We know that a sensible central bank would eventually do something else to stop the whole thing rolling before aggregate planned nominal expenditure gets too big for consistency with the inflation or whatever target. Because there is a supply-side and Phillips Curve out there somewhere. If this process doesn't stop by itself, the central bank will make it stop. This is not a long run story. It won't explain long run increases in money or debt. And it is not a story about all growth in income, because it is perfectly possible to have income growth where planned and expected and actual expenditure and income are all the same. It's a demand-side story of the transition from one growth path to another, where expectations may be false during that transition.

We are talking about a Hayekian process in which individuals' plans and expectations are mutually inconsistent in aggregate. We are talking about a disequilibrium process in which people's plans and expectations get revised in the light of the surprises that occur because of that mutual inconsistency. We are talking about what Old Keynesians talk about when they zig-zag slowly to the equilibrium point in the Keynesian Cross diagram. We are talking about what monetarists talk about when they talk about the hot potato process where the actual stock of money is greater than the quantity of money demanded.

I have blogged about this before.
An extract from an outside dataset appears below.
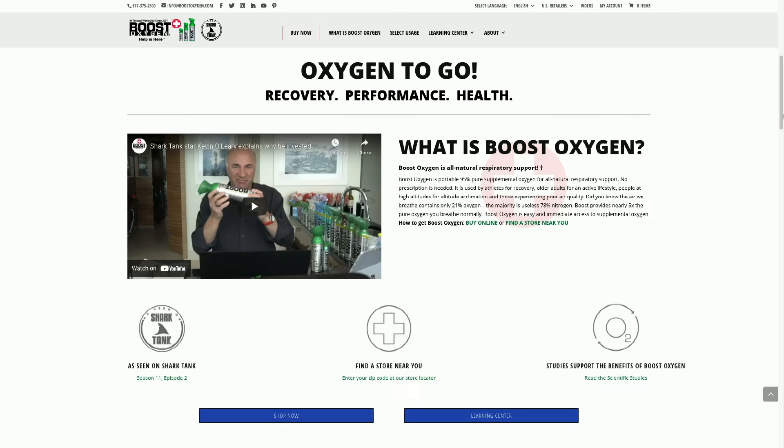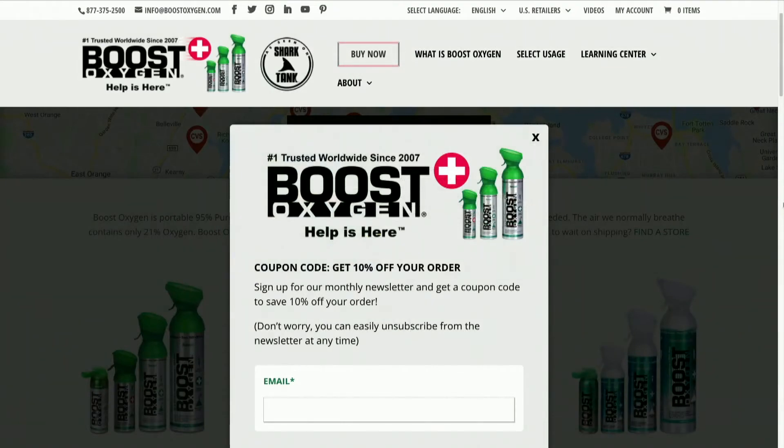Regardless of whether you are just adjusting to the elevation, dealing with a hangover, the flu, a cold, COVID, or anything like that — as well as athletic performance — this is a great thing for any sort of health and energy recovery.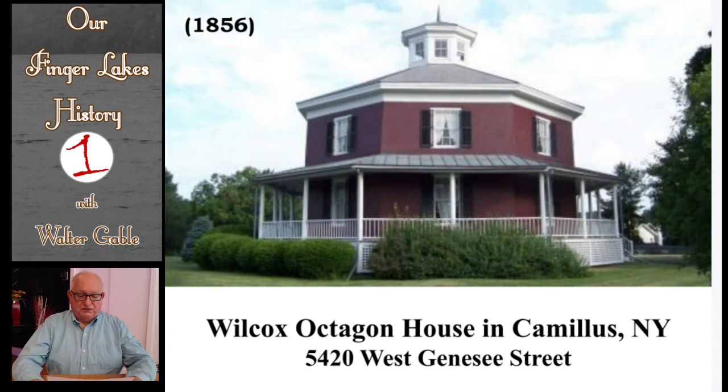This is the floor plan of the main floor of the house. Note the veranda around the entire house, but only for the first floor. Look carefully to note that the main floor rooms have angles, especially along the interior walls. Note also the central spiral staircase.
And again before that.

154 comments

  1. Nick Rowe's avatar

    TMF: No. I used leverage when I got a mortgage to buy my house, but I am not a bank.
    I don’t think that Bill Mitchell would say that the theory of loanable funds assumes a 100% capital requirement. If he did, he was wrong.

  2. Too Much Fed's avatar

    Here is a post by Bill Mitchell on loanable funds. See Q1.
    http://bilbo.economicoutlook.net/blog/?p=11022
    What do you think of it about loanable funds?

  3. Too Much Fed's avatar

    Here is another post by Bill Mitchell on loanable funds. See Q1.
    http://bilbo.economicoutlook.net/blog/?p=21711

  4. Too Much Fed's avatar

    Nick said: “I used leverage when I got a mortgage to buy my house, but I am not a bank.”
    Let’s keep going with that. Nick wants to buy a house for $100,000. He saves $10,000 for a 10% down payment. He needs to borrow $90,000. I save $9,000. Nick will fail to buy the house for $100,000 if he borrows directly from me.
    Instead, I start a new bank with $9,000 so that the equity of the new bank is $9,000. Assuming a 10% capital requirement for mortgages, Nick can now borrow $90,000 from the new bank.
    How should that difference be described? Is there such a thing as “money” leverage?